Heartbreaking story of a young Japanese woman who just wanted to find - something - in the west and southwest of the US and was murdered in that quest. Tomomi Hanamure connected so deeply with the Native American culture that she traveled from her hometown in Japan to the US, by herself, many times. She wanted to live here. She probably would have, had she not been brutally murdered on her 34th birthday in 2006. She was bokkemon - fearless. But her loneliness is clearly evident in her journal entries.
While nothing absolves the murderer, Randy Wescogame, the author does try to uncover some of his underlying issues. This really helps to shine a light on the problems currently faced by Native Americans living on reservations today. The book also goes into a brief history of the relocation of some of the tribes, focusing on the Havasupai in the Grand Canyon, of which the murderer is a member. There is a direct line between what was done to the tribe in the late 1800s-early 1900s and how they live today. This is not me drawing a conclusion. It is clear. Randy bears full responsibility for his crimes, but his environment definitely shaped him. And his environment was the way it was because of how his tribe was treated years ago.
As for the 3rd life referenced in the title, the author herself was abused as a child and had those memories resurface during the research and writing of this book. She ties that in with Randy's traumatized childhood and ties her adulthood in with Tomomi's wandering spirit.
This book is too good to spoil with long plot summaries...I just recommend that you read it. There are three intertwining stories each of whose meaning folds together brilliantly with the others. The story of an abused Native American boy growing up on a down-sized crowded allocation of tribal land, the story of an independent wilderness-seeking Japanese traveler with no fear and the story of the intrepid journalist and naturalist writing about a Grand Canyon murder and what that reveals within her own life...it all converges together into an amazing space of understanding and healing where you wouldn't normally go. I could not put this book down while reading it.
If it was an option, I would have given this one a 2 1/2. The author essentially researches the lives of a brutal murder victim below the rim of Grand Canyon and her perpetrator (a Native youth) while drawing parallels between the author's own violent childhood and the events that unfolded at Havasupai Falls in the early aughts.

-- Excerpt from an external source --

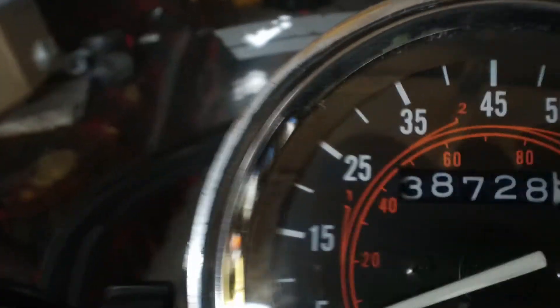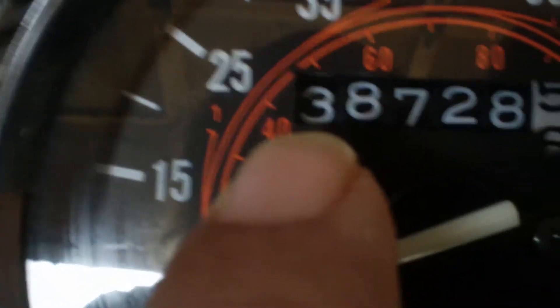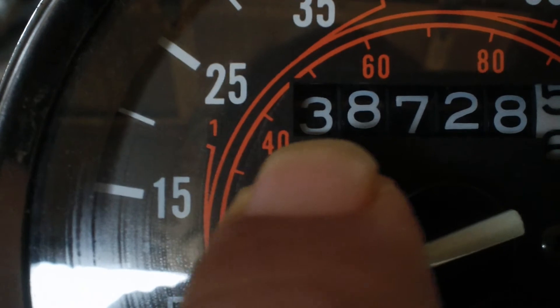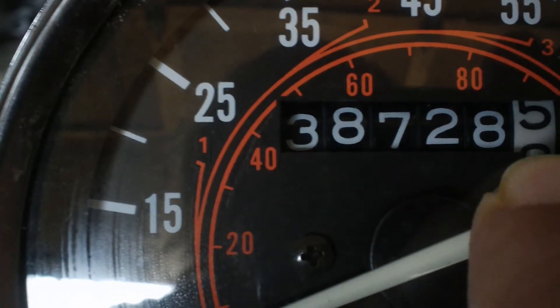I don't know if that backlight makes much difference — we'll find out later. It's 53.3 degrees right now and it's actually still dropping because I was just handling it — you know how your body temperature affects that. And then over here, this is the same one I used the last couple years — this is my odometer. It says 38,728.6.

I think McGivney is guilty of stereotyping the Havasupai and overreacting a bit when confronted by the poverty in the canyon--she makes multiple references to graffiti and a generally ominous/sinister vibe (which is not corroborated by other recent visitors online - do with that what you may). At best, she seems to have the traditional view of reservation life as completely void of joy or even a modicum of normalcy. This may be true, but it's a tidy bit of business to fit her narrative and she doesn't seem to meet anyone on the reservation with anything other than despair on their minds.
I think the book succeeds best where it follows the Japanese woman (Tomomi Hanamure) who simply loves the United States and takes every opportunity to escape her life in Japan. How she criss-crossed the country, hanging out at various native monuments and national parks over the years leading to her murder is both a study in loneliness and kind of compelling in its desolation.
The book is relatively well-researched and the visit to Hanamure's family in Japan does a great job of making an ordinary young woman's life seem extraordinary. These portions are touching and well-written.
The book's structure is also a little strange, with the author jumping from the perpetrator to the victim to her own upbringing without much rhyme or reason. There are also parts of the book that repeat themselves, almost verbatim from others. It seems like an editor fell asleep on the job, now and again.
I can't really recommend it but anyone who feels a pull toward remote landscapes might get something out of this story. Those with a love of the Canyon might come away unsettled.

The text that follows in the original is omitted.